1 Introduction
Microblogging platforms have become an interesting and fast way to share and consume information of interest on the Web in real-time. For instance, in recent years, Twitter (http://twitter.com) has emerged as an important source of real-time information exchange platform. It has empowered citizens, companies, marketers to act as content generators, that is, people share information about what they experience, eyewitness, and observe about topics from a wide range of fields such as epidemics, disasters, elections and more. This allows users not only to be consumers of the information, but prosumers of the information, where the information is produced by themselves.
To consume information, Twitter users follow other users who they think can provide useful information of their interest. Information shared on Twitter in the form of short text messages (\tweets") immediately propagated to followers, and implicitly starts a one-way conversation, which is also known as social interaction [1]. Often such conversations turn in two-way when followers reply back. Further spread of the information happens when followers post the received information to their followers (i.e., re tweeting).
Social interaction on social media has a resemblance to social interaction that one practices in daily routine. For instance, companies leverage insights from social media information to better market to its customers and increase sales. In this case, companies always seek to gain more in-depth information of their customers for better understanding and to improve interaction with them despite it is one-to-one, through a phone call, or on social media.
Moreover, understanding the types of users on social media is important for many reasons. For example, this includes detecting bots or spam users [2], recommending friends (e.g., potential users to follow on twitter) [3], finding credible information and users [4], for example, to receive trusted analysis or feedback of products or to ask questions to fulfill information needs [5], and so on.
In recent years, Twitter has been extensively used in a number of research studies that analyze and process mainly tweets content using different natural language processing (NLP) techniques to differentiate Twitter users [6]. Moreover, many studies focus on aspects like, who follows whom, who is in which list, etc.
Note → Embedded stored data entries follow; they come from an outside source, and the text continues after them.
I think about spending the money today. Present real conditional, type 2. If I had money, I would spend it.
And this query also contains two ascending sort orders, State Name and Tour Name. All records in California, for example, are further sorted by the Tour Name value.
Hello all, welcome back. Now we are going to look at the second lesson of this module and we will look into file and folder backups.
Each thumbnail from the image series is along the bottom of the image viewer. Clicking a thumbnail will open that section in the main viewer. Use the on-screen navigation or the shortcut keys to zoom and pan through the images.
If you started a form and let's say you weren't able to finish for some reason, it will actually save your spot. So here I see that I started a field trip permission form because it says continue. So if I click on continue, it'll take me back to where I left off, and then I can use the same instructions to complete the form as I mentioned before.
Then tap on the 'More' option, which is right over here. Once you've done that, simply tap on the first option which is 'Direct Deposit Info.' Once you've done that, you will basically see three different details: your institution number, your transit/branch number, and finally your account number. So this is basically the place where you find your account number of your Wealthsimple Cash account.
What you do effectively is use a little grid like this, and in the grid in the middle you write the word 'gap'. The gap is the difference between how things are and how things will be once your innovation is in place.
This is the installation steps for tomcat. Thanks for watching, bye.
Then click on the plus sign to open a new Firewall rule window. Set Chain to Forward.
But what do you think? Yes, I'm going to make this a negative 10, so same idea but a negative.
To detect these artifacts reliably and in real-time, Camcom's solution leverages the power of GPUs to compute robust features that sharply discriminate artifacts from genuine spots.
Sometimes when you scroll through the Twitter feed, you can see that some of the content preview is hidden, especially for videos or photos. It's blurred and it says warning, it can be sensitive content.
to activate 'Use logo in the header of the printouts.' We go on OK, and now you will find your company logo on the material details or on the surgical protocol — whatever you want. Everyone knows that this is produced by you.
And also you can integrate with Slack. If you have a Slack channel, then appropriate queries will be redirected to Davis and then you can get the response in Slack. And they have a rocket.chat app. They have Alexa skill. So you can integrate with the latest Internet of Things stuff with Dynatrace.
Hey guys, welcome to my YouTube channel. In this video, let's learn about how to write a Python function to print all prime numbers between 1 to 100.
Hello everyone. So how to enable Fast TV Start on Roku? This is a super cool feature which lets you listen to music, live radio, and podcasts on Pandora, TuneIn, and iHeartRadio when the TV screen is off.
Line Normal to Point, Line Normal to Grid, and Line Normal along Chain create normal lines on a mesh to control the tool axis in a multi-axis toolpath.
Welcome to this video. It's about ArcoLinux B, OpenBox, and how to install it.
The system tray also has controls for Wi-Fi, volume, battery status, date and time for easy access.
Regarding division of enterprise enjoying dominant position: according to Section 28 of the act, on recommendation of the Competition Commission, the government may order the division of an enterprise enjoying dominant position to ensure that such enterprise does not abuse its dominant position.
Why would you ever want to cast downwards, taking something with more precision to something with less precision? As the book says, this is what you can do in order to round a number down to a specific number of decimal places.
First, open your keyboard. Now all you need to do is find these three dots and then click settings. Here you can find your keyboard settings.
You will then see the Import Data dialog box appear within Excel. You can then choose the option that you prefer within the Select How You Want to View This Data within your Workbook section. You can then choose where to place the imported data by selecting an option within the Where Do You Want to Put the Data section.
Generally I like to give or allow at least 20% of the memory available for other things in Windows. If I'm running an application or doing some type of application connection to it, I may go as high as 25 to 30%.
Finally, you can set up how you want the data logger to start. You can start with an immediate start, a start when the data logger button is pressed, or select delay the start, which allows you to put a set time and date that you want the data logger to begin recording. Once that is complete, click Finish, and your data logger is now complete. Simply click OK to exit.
However, understanding the types of twitter users using their tweeting behavior or, more important, what their profile information reflects, is an aspect which is broadly overlooked. Twitter profiles provide useful information, furthermore determining various behavioral aspects of users on Twitter such as how often they post, re-tweet, or reply could provide significant insights about users.
In this paper, we study Twitter from a different perspective, that is, we visualize Twitter users into different forms by exploiting their profiles and tweeting behavior information. Validation of our hypothesis is conducted by performing a visualization Treemap technique. Finally, we claim that the proposed approach can effectively visualize users profile helping to discover patterns and clustering similar Twitter users.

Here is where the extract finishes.